* INPUT RECORDS *
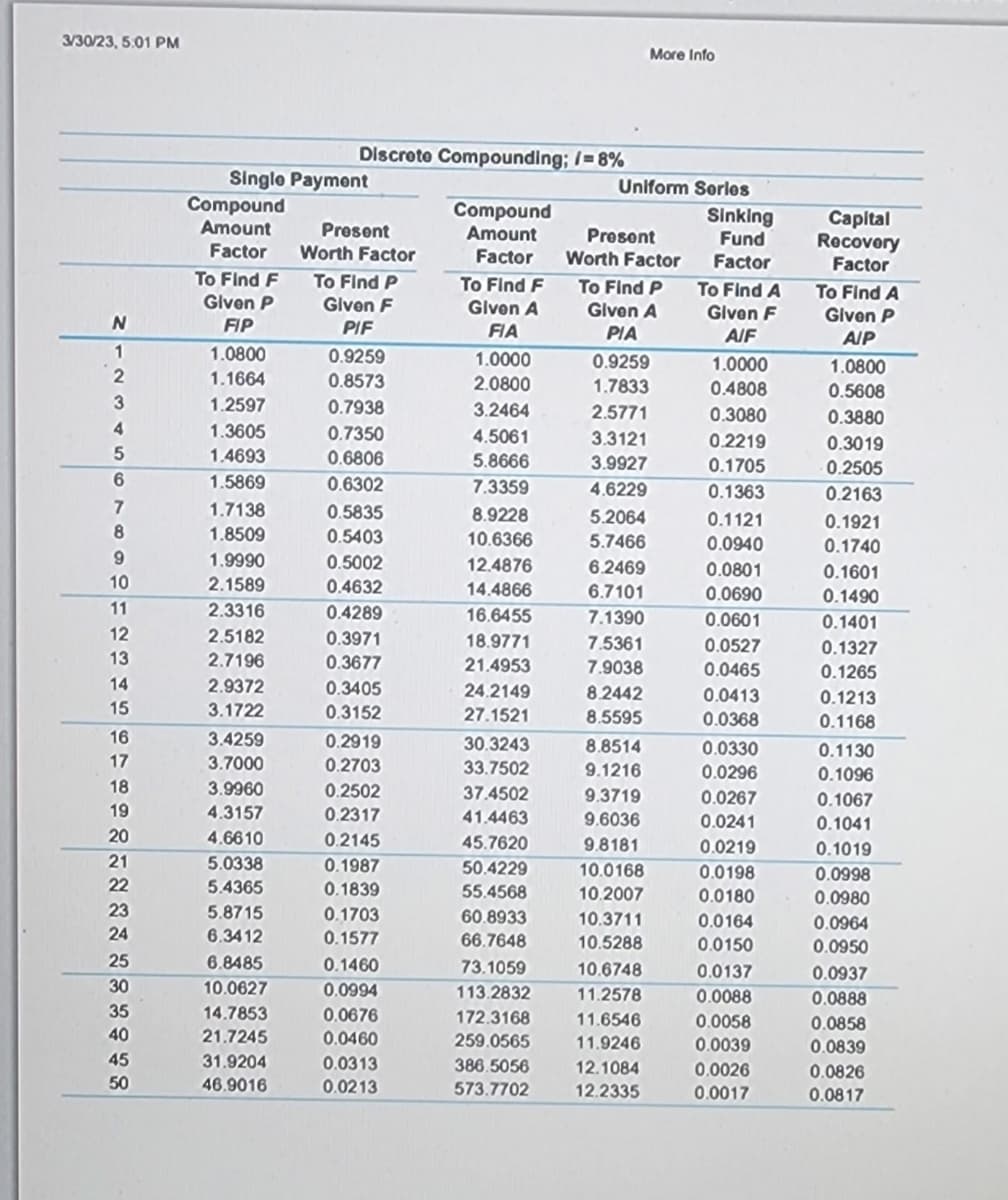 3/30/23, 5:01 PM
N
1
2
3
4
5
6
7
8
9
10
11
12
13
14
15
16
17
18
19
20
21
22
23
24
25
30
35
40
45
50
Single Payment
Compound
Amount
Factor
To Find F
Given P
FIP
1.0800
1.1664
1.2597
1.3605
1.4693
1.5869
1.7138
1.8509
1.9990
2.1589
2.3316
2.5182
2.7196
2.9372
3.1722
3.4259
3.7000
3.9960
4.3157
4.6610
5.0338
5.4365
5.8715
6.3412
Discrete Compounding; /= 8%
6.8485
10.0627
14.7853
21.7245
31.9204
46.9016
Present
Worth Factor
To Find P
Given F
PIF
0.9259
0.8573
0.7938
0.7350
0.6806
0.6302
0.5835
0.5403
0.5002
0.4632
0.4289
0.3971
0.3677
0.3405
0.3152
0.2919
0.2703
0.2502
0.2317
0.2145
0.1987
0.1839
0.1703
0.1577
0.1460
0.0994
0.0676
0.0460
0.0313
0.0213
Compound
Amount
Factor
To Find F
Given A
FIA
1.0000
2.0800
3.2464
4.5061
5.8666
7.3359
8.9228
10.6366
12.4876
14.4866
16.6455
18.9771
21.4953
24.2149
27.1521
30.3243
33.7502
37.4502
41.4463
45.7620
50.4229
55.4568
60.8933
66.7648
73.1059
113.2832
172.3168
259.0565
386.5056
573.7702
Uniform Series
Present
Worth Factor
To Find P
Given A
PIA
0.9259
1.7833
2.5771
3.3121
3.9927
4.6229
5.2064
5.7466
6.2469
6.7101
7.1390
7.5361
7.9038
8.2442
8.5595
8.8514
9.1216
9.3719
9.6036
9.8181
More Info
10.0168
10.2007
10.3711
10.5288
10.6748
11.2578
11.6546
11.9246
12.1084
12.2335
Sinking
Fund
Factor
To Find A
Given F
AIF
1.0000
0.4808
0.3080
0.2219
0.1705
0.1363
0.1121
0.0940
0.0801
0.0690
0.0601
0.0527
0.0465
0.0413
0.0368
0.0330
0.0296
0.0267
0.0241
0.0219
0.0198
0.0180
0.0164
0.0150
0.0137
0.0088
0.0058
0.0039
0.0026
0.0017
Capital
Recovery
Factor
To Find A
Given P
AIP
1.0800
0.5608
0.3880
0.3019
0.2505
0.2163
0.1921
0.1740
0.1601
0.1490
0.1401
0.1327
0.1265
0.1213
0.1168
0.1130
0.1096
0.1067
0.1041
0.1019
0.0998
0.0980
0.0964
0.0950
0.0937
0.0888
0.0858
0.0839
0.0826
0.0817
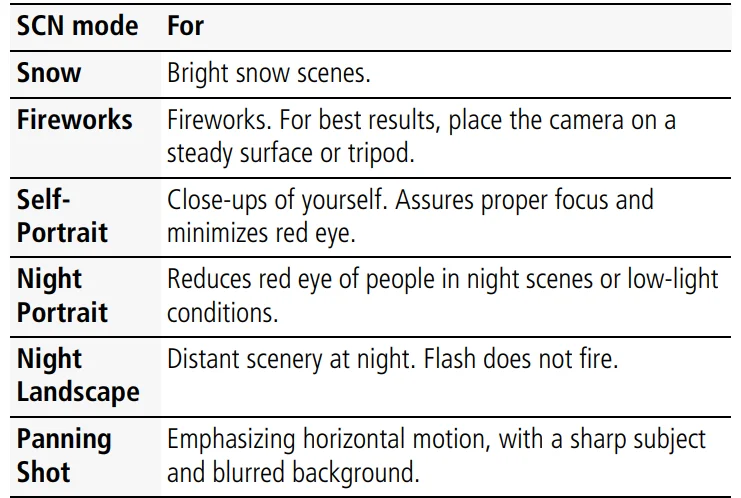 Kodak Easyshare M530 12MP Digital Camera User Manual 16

* TO DO *
Set down every line above exactly, pictures excluded.

* RESPONSE BOX *
 3/30/23, 5:01 PM
N
1
2
3
4
5
6
7
8
9
10
11
12
13
14
15
16
17
18
19
20
21
22
23
24
25
30
35
40
45
50
Single Payment
Compound
Amount
Factor
To Find F
Given P
FIP
1.0800
1.1664
1.2597
1.3605
1.4693
1.5869
1.7138
1.8509
1.9990
2.1589
2.3316
2.5182
2.7196
2.9372
3.1722
3.4259
3.7000
3.9960
4.3157
4.6610
5.0338
5.4365
5.8715
6.3412
Discrete Compounding; /= 8%
6.8485
10.0627
14.7853
21.7245
31.9204
46.9016
Present
Worth Factor
To Find P
Given F
PIF
0.9259
0.8573
0.7938
0.7350
0.6806
0.6302
0.5835
0.5403
0.5002
0.4632
0.4289
0.3971
0.3677
0.3405
0.3152
0.2919
0.2703
0.2502
0.2317
0.2145
0.1987
0.1839
0.1703
0.1577
0.1460
0.0994
0.0676
0.0460
0.0313
0.0213
Compound
Amount
Factor
To Find F
Given A
FIA
1.0000
2.0800
3.2464
4.5061
5.8666
7.3359
8.9228
10.6366
12.4876
14.4866
16.6455
18.9771
21.4953
24.2149
27.1521
30.3243
33.7502
37.4502
41.4463
45.7620
50.4229
55.4568
60.8933
66.7648
73.1059
113.2832
172.3168
259.0565
386.5056
573.7702
Uniform Series
Present
Worth Factor
To Find P
Given A
PIA
0.9259
1.7833
2.5771
3.3121
3.9927
4.6229
5.2064
5.7466
6.2469
6.7101
7.1390
7.5361
7.9038
8.2442
8.5595
8.8514
9.1216
9.3719
9.6036
9.8181
More Info
10.0168
10.2007
10.3711
10.5288
10.6748
11.2578
11.6546
11.9246
12.1084
12.2335
Sinking
Fund
Factor
To Find A
Given F
AIF
1.0000
0.4808
0.3080
0.2219
0.1705
0.1363
0.1121
0.0940
0.0801
0.0690
0.0601
0.0527
0.0465
0.0413
0.0368
0.0330
0.0296
0.0267
0.0241
0.0219
0.0198
0.0180
0.0164
0.0150
0.0137
0.0088
0.0058
0.0039
0.0026
0.0017
Capital
Recovery
Factor
To Find A
Given P
AIP
1.0800
0.5608
0.3880
0.3019
0.2505
0.2163
0.1921
0.1740
0.1601
0.1490
0.1401
0.1327
0.1265
0.1213
0.1168
0.1130
0.1096
0.1067
0.1041
0.1019
0.0998
0.0980
0.0964
0.0950
0.0937
0.0888
0.0858
0.0839
0.0826
0.0817
 Kodak Easyshare M530 12MP Digital Camera User Manual 16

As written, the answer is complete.